→ **Given records**
---*---

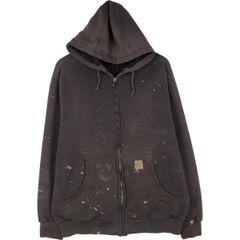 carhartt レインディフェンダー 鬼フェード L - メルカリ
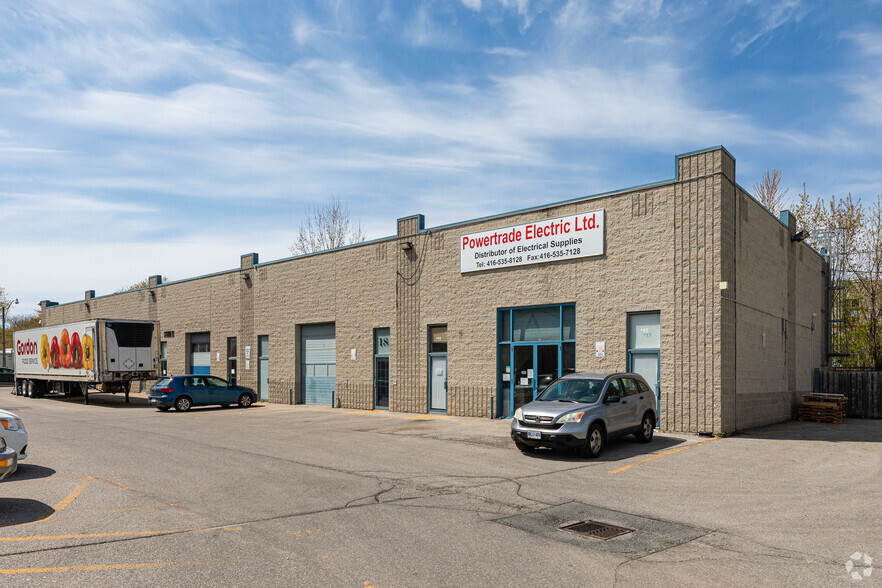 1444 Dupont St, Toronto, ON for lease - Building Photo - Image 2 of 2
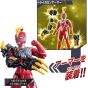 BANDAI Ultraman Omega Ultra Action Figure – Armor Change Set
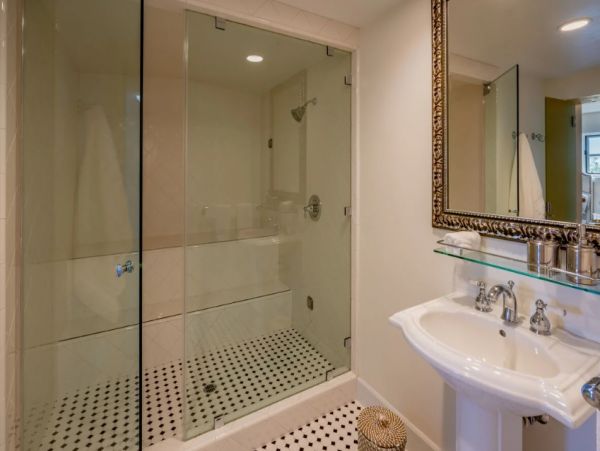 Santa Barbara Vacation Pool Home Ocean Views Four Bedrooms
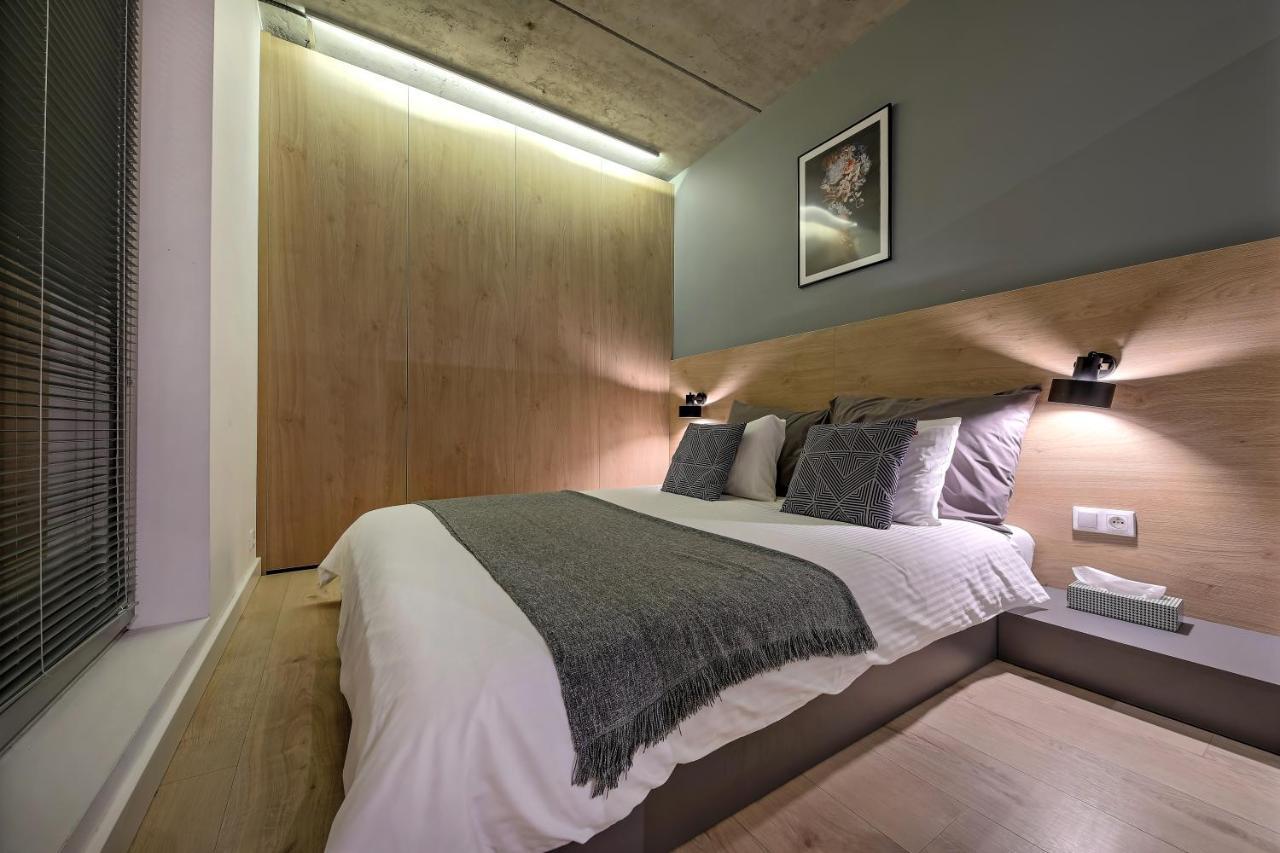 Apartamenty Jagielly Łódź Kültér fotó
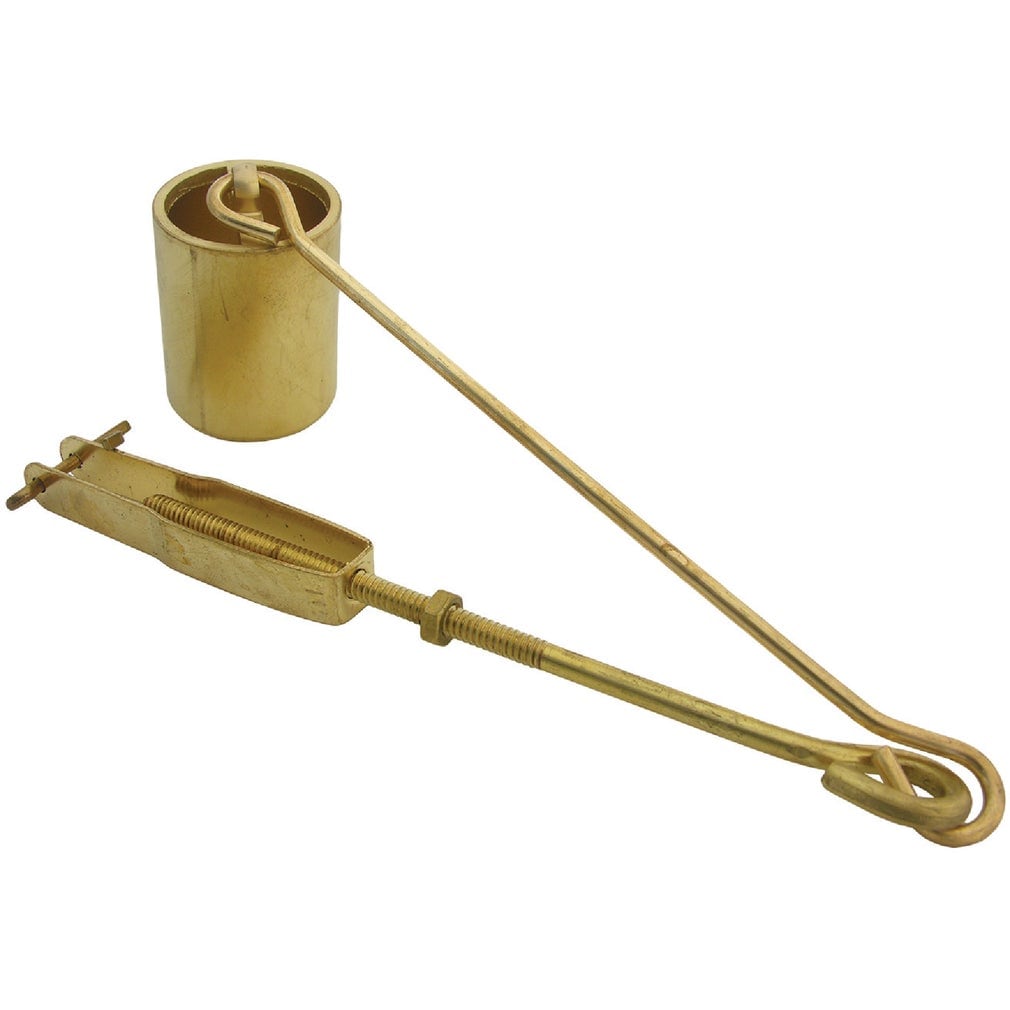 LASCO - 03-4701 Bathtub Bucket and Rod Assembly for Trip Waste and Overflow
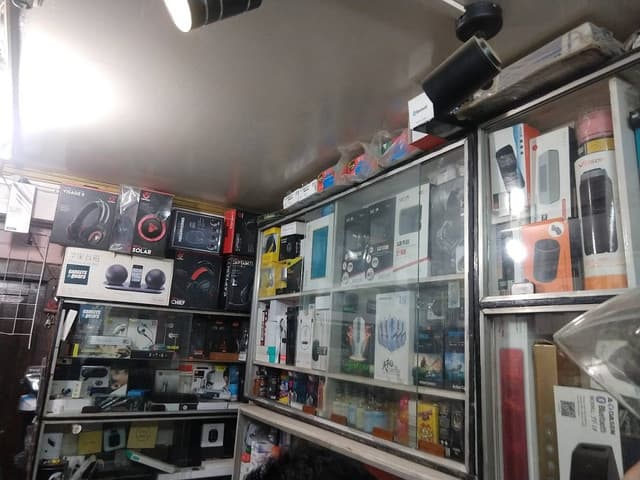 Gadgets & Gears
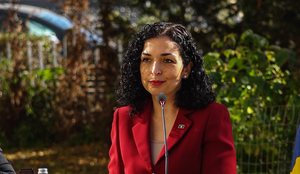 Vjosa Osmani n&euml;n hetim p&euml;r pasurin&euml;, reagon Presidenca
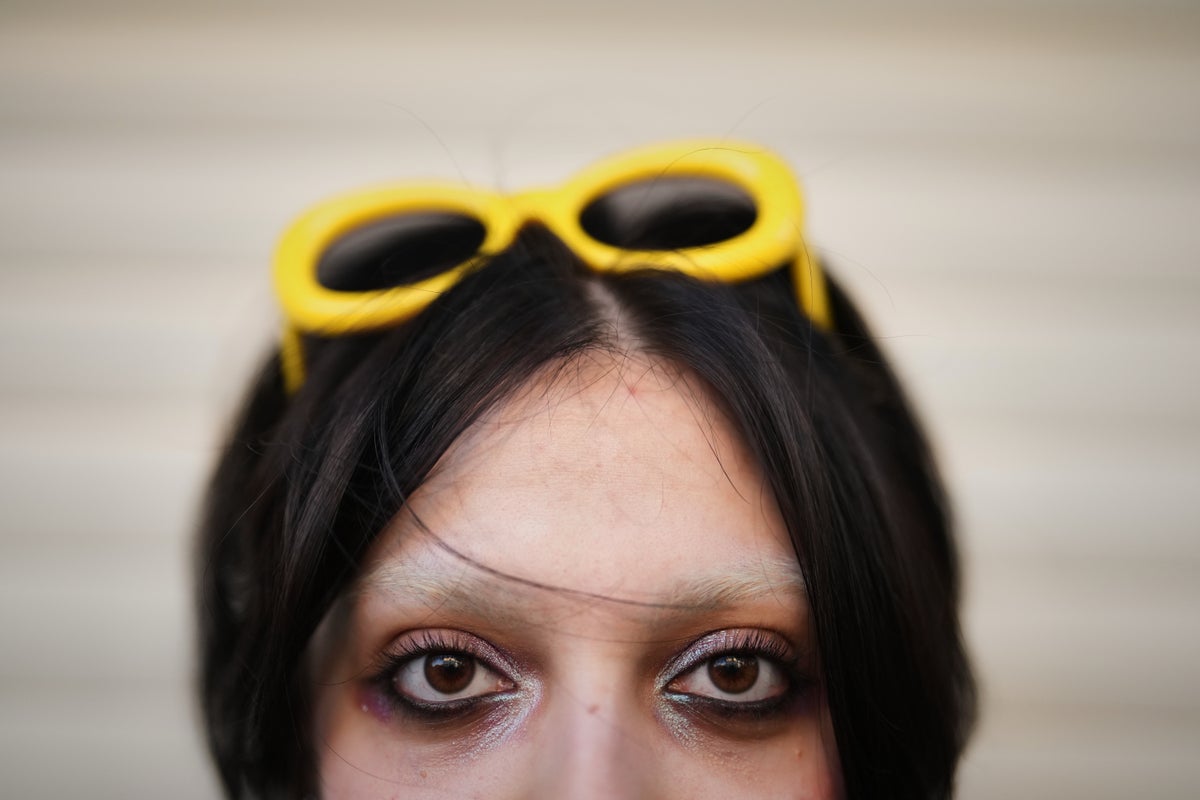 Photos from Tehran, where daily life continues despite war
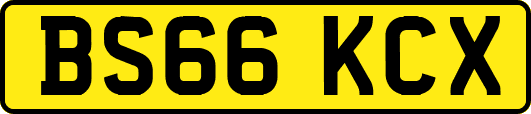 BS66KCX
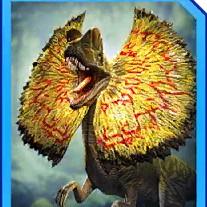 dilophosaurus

---*---

→ **Exercise goal**
Give again, unchanged, only the lines from the line containing "Photos from Tehran, where" to the last line of the records above. Pictures do not belong in the copy.

→ **Final answer**
 Photos from Tehran, where daily life continues despite war
 BS66KCX
 dilophosaurus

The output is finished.